[[ Available data, beginning ]]

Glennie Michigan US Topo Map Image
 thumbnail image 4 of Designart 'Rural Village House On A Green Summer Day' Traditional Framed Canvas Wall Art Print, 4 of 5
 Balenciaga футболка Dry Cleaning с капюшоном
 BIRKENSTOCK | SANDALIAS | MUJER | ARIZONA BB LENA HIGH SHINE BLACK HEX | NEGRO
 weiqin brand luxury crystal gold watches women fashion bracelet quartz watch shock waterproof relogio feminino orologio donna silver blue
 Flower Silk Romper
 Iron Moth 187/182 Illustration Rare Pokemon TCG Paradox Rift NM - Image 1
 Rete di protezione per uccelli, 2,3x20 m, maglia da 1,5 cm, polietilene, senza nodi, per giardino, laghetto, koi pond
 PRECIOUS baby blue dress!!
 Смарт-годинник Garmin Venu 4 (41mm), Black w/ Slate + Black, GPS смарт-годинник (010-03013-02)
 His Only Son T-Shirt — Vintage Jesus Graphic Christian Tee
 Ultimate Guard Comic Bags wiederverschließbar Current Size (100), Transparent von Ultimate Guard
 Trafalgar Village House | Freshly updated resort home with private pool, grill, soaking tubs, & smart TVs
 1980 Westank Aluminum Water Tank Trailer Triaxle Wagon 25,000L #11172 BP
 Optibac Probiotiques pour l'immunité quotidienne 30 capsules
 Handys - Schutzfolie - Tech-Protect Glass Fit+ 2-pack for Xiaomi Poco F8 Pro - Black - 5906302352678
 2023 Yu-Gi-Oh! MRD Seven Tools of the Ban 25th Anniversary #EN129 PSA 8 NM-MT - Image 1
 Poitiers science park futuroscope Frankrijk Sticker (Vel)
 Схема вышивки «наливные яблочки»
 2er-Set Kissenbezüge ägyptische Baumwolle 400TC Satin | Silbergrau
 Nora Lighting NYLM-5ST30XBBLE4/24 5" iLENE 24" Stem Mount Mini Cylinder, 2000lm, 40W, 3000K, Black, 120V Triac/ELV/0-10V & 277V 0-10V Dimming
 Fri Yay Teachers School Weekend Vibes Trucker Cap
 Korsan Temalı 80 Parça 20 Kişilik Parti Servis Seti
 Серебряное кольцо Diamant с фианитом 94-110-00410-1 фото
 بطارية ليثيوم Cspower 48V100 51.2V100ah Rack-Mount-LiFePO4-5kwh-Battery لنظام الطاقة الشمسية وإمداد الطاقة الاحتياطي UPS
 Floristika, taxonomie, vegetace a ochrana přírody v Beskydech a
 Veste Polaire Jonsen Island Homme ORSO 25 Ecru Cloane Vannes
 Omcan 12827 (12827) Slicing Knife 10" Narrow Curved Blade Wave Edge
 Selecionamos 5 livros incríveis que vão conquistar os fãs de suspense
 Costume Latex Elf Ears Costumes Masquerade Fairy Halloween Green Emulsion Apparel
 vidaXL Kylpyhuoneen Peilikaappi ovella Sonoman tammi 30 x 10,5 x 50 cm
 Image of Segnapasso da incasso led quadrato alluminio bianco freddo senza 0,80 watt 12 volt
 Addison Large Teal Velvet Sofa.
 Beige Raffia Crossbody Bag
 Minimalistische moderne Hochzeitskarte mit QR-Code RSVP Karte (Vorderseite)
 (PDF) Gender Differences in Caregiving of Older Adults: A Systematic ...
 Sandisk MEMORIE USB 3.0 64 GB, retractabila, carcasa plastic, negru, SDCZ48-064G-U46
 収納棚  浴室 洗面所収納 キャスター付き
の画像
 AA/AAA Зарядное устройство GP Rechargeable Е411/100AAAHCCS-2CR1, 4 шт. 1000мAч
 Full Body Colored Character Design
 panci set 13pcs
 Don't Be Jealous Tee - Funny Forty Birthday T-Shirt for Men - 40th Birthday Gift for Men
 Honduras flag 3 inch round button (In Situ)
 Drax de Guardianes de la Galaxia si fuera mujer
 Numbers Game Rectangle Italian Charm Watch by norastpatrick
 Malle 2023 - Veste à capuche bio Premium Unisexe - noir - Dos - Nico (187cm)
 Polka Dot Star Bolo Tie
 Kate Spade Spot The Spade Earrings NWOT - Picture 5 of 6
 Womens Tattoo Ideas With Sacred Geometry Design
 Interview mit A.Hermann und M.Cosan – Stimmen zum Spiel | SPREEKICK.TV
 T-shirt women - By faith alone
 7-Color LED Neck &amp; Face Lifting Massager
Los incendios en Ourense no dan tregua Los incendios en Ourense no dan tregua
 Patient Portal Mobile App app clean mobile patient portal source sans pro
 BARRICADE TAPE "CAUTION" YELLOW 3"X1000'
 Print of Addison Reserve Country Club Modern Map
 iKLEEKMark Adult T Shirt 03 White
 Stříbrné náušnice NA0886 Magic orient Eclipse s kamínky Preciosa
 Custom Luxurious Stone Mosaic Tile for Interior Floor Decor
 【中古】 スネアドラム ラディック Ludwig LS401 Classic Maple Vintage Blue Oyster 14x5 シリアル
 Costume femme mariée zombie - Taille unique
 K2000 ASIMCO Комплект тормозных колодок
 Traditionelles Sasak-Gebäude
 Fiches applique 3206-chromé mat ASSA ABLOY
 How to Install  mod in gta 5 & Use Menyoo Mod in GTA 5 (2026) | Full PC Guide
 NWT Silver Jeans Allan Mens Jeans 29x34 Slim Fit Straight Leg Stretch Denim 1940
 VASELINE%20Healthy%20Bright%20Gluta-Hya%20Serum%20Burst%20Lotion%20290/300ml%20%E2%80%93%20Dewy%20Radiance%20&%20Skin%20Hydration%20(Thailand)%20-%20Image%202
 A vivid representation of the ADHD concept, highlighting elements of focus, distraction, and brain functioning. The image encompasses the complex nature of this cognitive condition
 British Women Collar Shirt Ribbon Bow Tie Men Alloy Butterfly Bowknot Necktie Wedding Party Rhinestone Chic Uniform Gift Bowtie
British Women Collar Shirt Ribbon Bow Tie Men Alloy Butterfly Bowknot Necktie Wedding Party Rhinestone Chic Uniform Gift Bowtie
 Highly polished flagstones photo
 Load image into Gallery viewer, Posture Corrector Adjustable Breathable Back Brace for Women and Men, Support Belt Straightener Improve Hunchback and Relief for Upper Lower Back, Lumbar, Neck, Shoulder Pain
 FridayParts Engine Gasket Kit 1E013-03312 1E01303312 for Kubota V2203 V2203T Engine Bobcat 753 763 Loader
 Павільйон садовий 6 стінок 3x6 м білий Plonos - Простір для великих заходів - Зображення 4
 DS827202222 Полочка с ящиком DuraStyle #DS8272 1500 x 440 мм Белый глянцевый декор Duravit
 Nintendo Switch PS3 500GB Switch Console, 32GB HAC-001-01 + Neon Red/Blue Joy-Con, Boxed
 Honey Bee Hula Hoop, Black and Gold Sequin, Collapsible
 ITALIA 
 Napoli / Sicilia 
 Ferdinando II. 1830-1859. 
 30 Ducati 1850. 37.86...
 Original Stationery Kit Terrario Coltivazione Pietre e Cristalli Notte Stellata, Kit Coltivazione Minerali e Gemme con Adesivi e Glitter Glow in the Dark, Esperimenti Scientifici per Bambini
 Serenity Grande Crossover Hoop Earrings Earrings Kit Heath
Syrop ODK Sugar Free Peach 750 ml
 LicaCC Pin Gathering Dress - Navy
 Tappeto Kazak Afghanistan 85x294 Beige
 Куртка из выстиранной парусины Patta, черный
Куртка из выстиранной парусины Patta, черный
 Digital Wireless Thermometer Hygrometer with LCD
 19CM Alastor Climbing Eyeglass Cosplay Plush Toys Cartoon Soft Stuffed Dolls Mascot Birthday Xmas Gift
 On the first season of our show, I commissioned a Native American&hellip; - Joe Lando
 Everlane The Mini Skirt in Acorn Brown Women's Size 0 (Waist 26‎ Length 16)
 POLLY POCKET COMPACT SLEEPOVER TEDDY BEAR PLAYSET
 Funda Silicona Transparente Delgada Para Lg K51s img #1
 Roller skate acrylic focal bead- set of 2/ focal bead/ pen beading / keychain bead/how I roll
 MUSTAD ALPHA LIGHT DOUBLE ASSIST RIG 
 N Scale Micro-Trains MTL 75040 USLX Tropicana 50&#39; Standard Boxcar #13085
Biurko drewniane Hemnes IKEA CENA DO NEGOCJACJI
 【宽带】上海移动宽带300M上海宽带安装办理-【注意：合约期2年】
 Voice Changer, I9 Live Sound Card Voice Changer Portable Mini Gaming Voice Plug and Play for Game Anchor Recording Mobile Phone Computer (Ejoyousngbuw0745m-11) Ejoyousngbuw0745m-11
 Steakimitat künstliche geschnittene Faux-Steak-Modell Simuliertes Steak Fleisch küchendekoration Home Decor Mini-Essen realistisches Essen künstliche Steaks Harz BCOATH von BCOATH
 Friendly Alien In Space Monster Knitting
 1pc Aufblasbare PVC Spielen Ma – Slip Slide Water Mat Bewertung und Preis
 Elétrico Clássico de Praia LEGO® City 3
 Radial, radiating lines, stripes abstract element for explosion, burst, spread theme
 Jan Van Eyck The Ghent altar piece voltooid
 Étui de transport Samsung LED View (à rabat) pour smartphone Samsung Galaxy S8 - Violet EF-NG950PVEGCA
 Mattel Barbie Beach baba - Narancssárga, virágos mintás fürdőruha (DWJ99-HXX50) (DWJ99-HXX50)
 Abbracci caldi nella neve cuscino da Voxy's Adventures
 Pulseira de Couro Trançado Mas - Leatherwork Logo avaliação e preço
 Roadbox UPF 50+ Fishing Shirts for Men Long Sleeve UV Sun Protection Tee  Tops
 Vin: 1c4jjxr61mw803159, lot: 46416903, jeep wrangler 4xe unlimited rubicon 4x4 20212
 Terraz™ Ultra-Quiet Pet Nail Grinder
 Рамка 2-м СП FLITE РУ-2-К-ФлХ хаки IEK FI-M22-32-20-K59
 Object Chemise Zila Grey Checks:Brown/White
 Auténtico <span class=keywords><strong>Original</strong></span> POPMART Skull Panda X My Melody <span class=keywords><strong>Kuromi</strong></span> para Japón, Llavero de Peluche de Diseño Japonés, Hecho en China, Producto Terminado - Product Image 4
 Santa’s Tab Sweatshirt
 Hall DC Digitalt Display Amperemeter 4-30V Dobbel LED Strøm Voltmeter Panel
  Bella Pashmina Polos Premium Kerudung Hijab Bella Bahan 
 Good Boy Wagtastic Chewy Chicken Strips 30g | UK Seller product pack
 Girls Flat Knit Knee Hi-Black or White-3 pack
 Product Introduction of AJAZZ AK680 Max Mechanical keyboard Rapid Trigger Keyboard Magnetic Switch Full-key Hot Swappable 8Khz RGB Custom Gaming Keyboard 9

[[ Available data, end ]]

Try it — Print, without alteration, only the lines above between the one holding "Numbers Game Rectangle" and the one holding "Womens Tattoo Ideas", inclusive.

Problem solution —
 Numbers Game Rectangle Italian Charm Watch by norastpatrick
 Malle 2023 - Veste à capuche bio Premium Unisexe - noir - Dos - Nico (187cm)
 Polka Dot Star Bolo Tie
 Kate Spade Spot The Spade Earrings NWOT - Picture 5 of 6
 Womens Tattoo Ideas With Sacred Geometry Design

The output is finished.